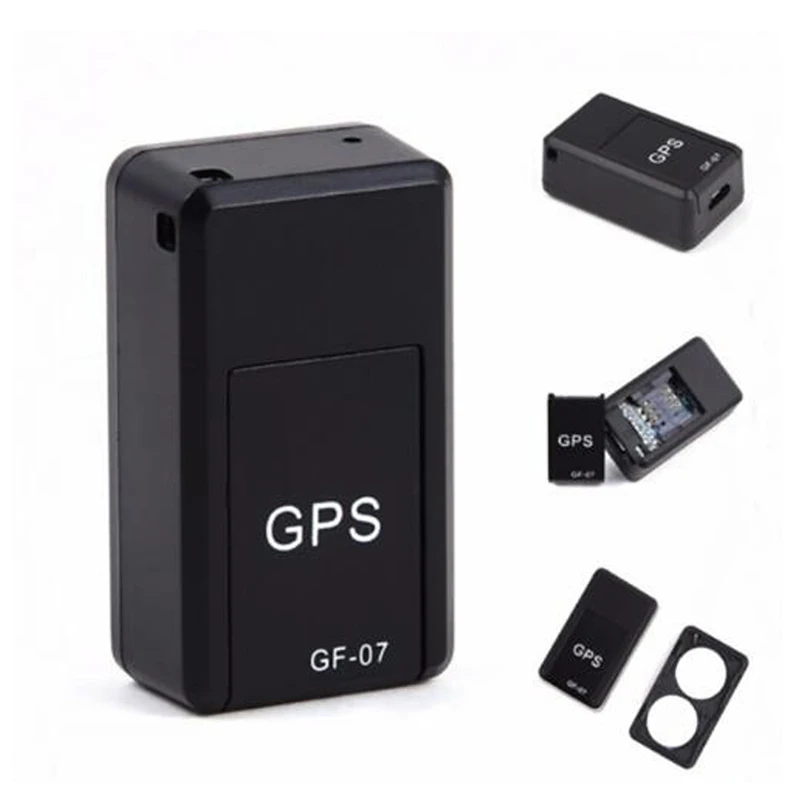 

Amazon GF07 GPS Tracker Cars GPS Locator Anti-theft Tracker Car Gps Tracker Anti-Lost Recording Tracking Device Voice Control, Black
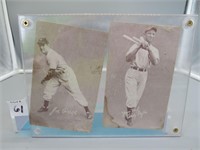 1930's/1940's Joe Page & Andy Pafko Cabinet Cards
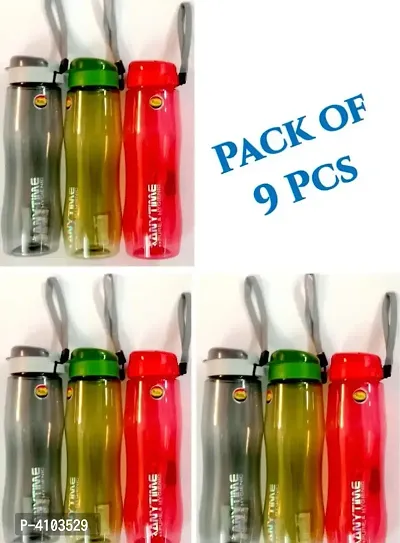 Trendy Stylish Water Bottles Anytime 750 ml (Pack Of 9)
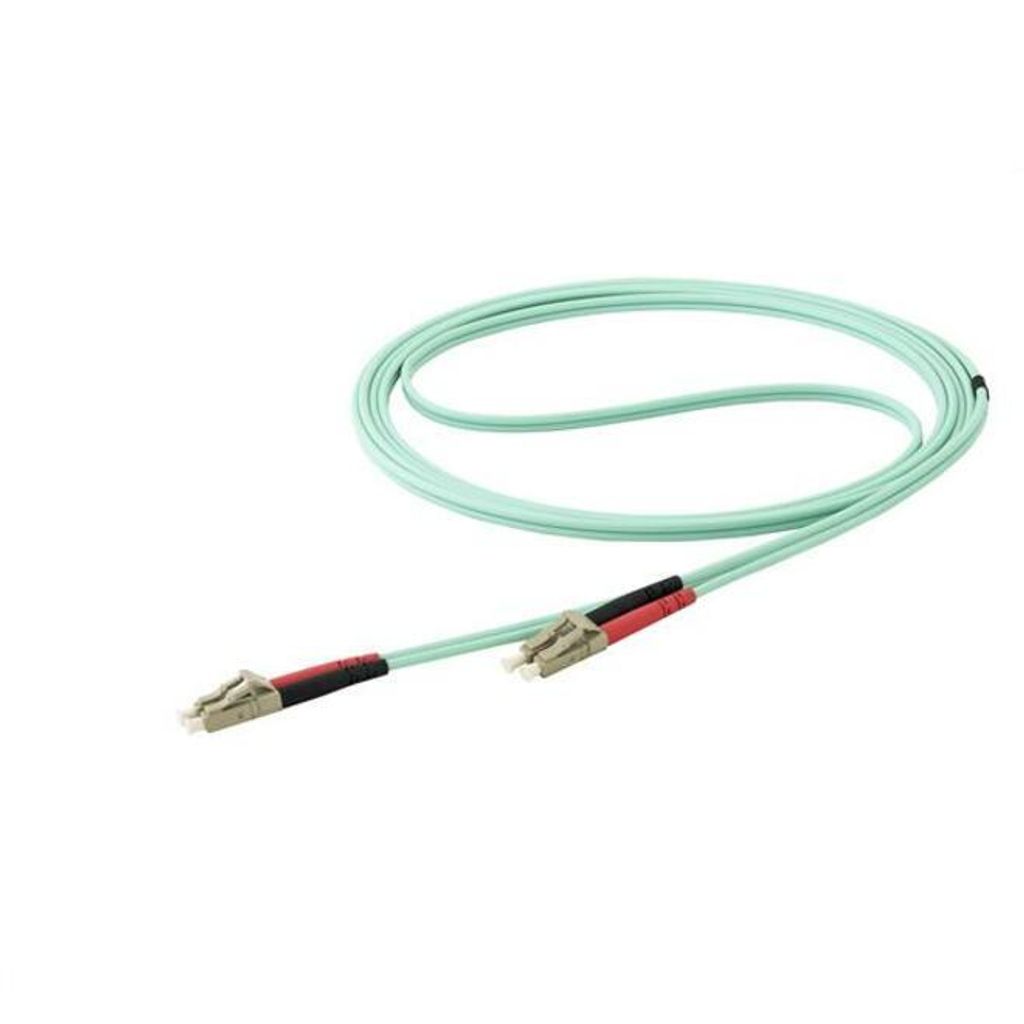 STARTECH.COM 7m OM4 LC to LC Multimode Duplex Fiber Optic Patch Cable - Aqua - 50/125 - Fiber Optic Cable - 40/100Gb - LSZH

--- --- ---

Required action
No pictures belong in the output. It should reproduce exactly the lines from the one containing "Trendy Stylish Water" through the end of the data, both ends included.

The answer
 Trendy Stylish Water Bottles Anytime 750 ml (Pack Of 9)
 STARTECH.COM 7m OM4 LC to LC Multimode Duplex Fiber Optic Patch Cable - Aqua - 50/125 - Fiber Optic Cable - 40/100Gb - LSZH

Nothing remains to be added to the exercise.